In May, when OpenAI debuted an eerily realistic, near-real-time “advanced voice mode” for its AI-powered chatbot platform ChatGPT, the company said the feature would be rolled out to paid ChatGPT users within a few weeks.
Months later, OpenAI says it needs more time.
In a post on OpenAI’s official Discord server, OpenAI said it had planned to start rolling out Advanced Voice Mode in alpha to a small group of ChatGPT Plus users in late June, but outstanding issues forced it to postpone the launch to sometime in July. .
“For example, we are improving the model’s ability to detect and reject specific content,” OpenAI wrote. “We are also working to improve the user experience and prepare our infrastructure to scale to millions while maintaining real-time responses. As part of our iterative deployment strategy, we will begin the alpha phase with a small group of users to collect feedback and scale based on what we learn.”
OpenAI says Advanced Voice Mode may not go live for all ChatGPT Plus customers until the fall, depending on whether it meets some internal safety and reliability checks. However, the delay will not impact the rollout of the new video and screen sharing capabilities that were showcased separately during OpenAI’s spring press event.
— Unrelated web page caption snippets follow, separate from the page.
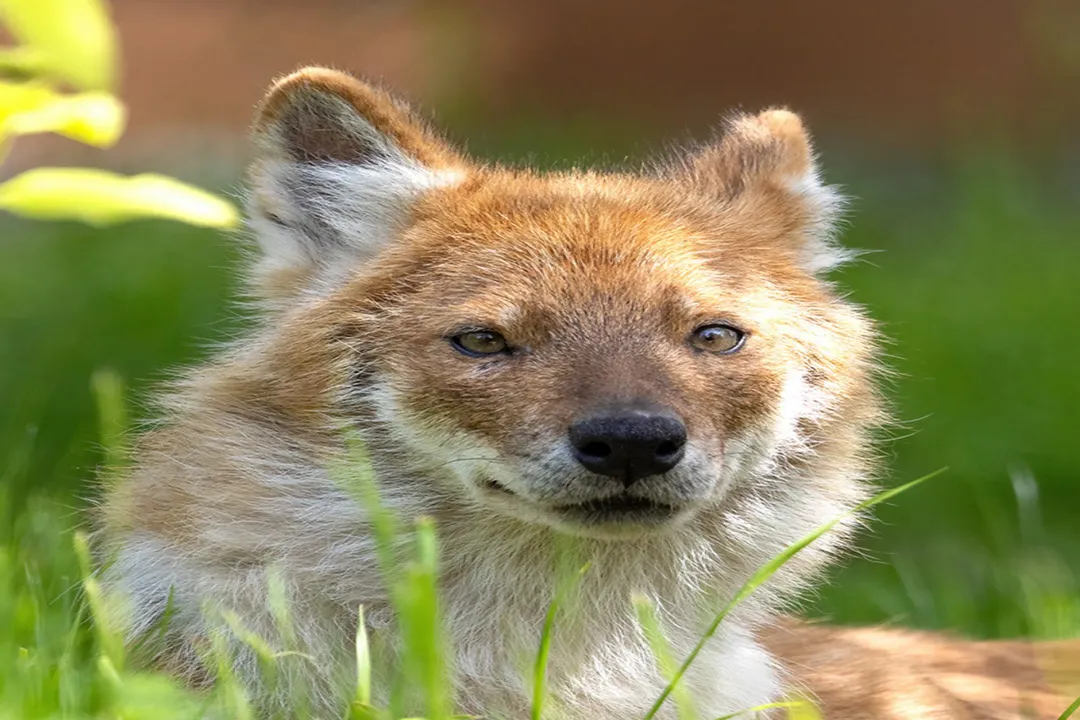 How fast is a dhole?, Endurance Pace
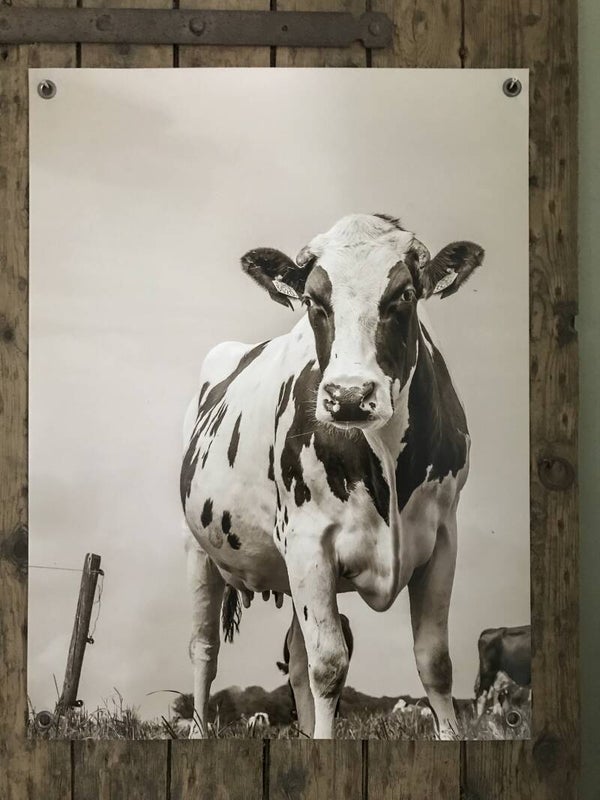 Tuinposter koe nr 199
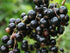 Coacăz Negru / Ribes nigrum  Ben Nevis / - Gradina Noastra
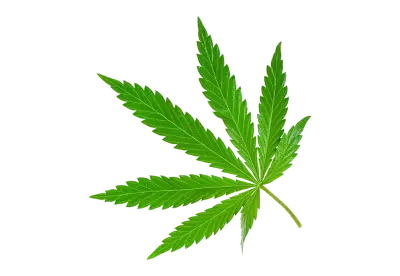 Cannabis marijuana plant on white or transparent background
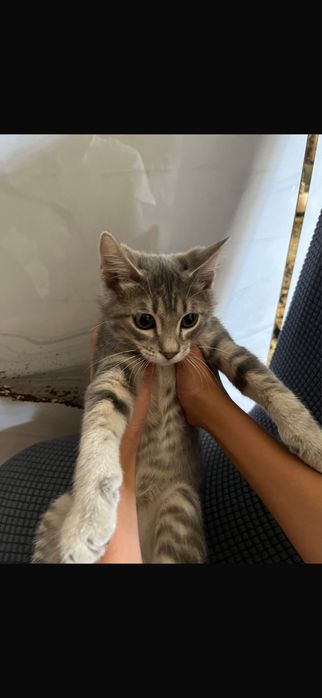 Кошка 3 месяц мальчик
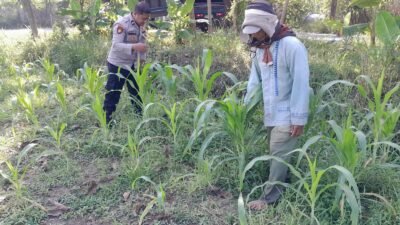 Polsek Krian Cek Pertumbuhan Jagung di Desa Junwangi, Sukseskan Swasembada Pangan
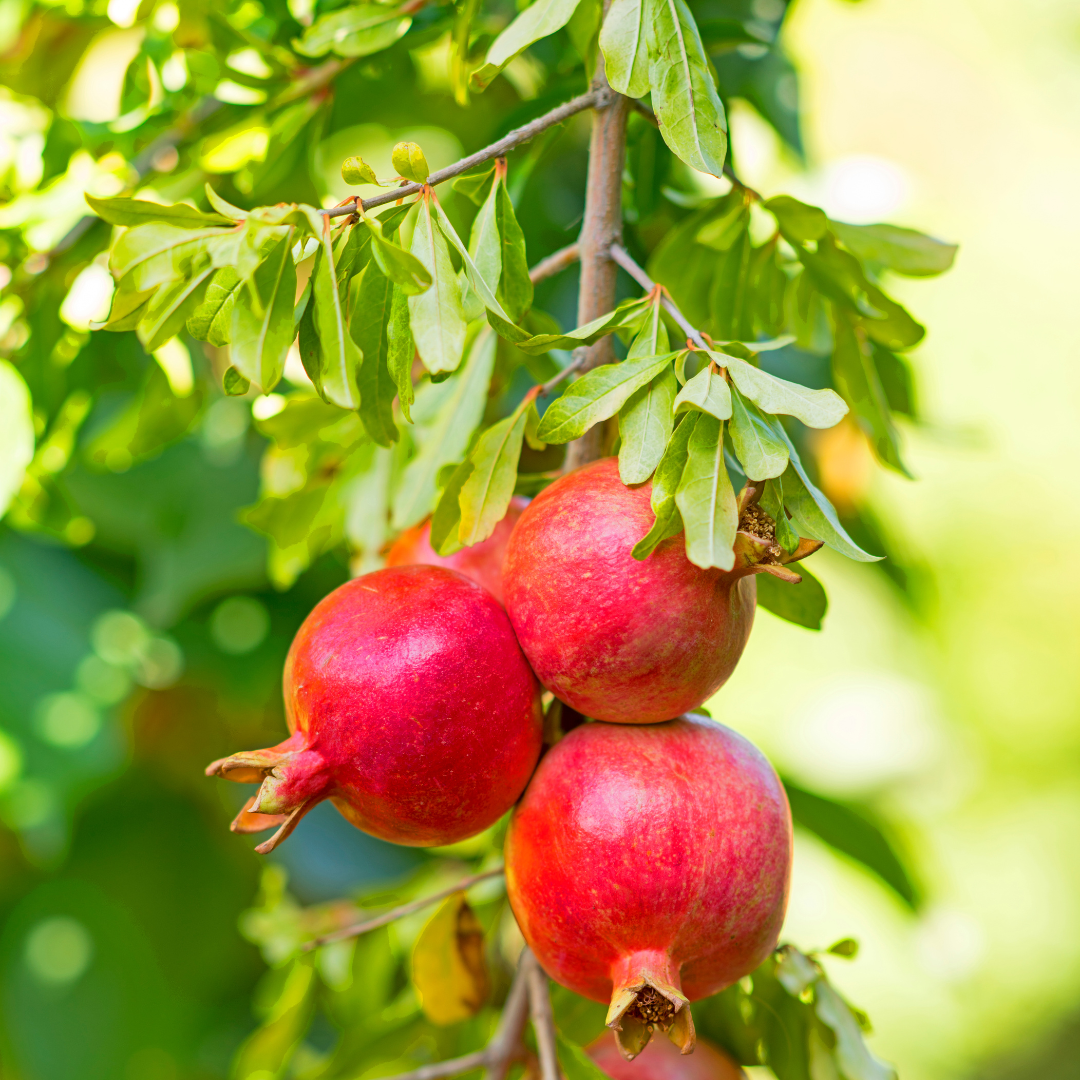 Pomegranate fruit Plants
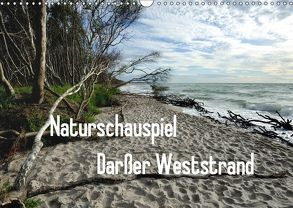 Naturschauspiel Darßer Weststrand (Wandkalender 2019 DIN A3 quer) von Pries,  Friedrich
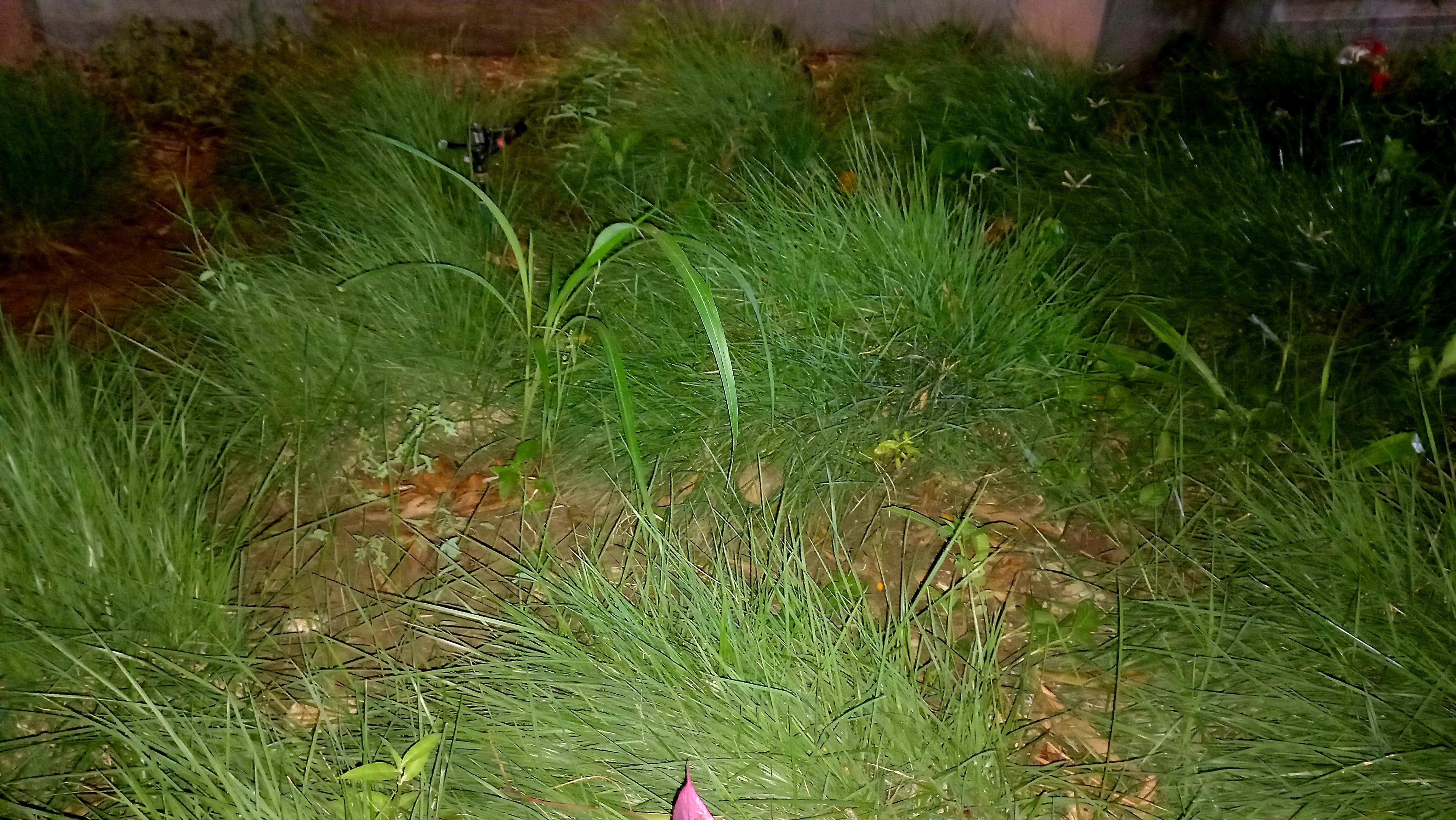 20250502_192749.jpg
These capabilities include solving mathematical problems, giving a picture of the problem, and explaining the various settings menus on the device. It’s designed to work over ChatGPT on smartphones as well as desktop clients, such as the macOS app, which became available to all ChatGPT users earlier today.
“ChatGPT’s advanced voice mode can understand and respond to emotions and non-verbal cues, bringing us closer to natural, real-time conversations using AI,” OpenAI wrote. “Our mission is to carefully bring you these new experiences.”
On stage at the launch event, OpenAI staff demonstrated ChatGPT’s almost instantaneous response to requests such as solving a math problem on a piece of paper held in front of a researcher’s smartphone camera.
OpenAI’s advanced voice mode has generated a great deal of controversy over the similarity of the default “Sky” voice to that of actress Scarlett Johansson. Johansson later issued a statement saying that she had hired legal counsel to inquire about the audio and obtain precise details on how it was developed, and that she had rejected repeated pleas from OpenAI to license its audio to ChatGPT.
OpenAI, while denying that it had used Johansson’s voice or audio resemblance without permission, later removed the offending audio.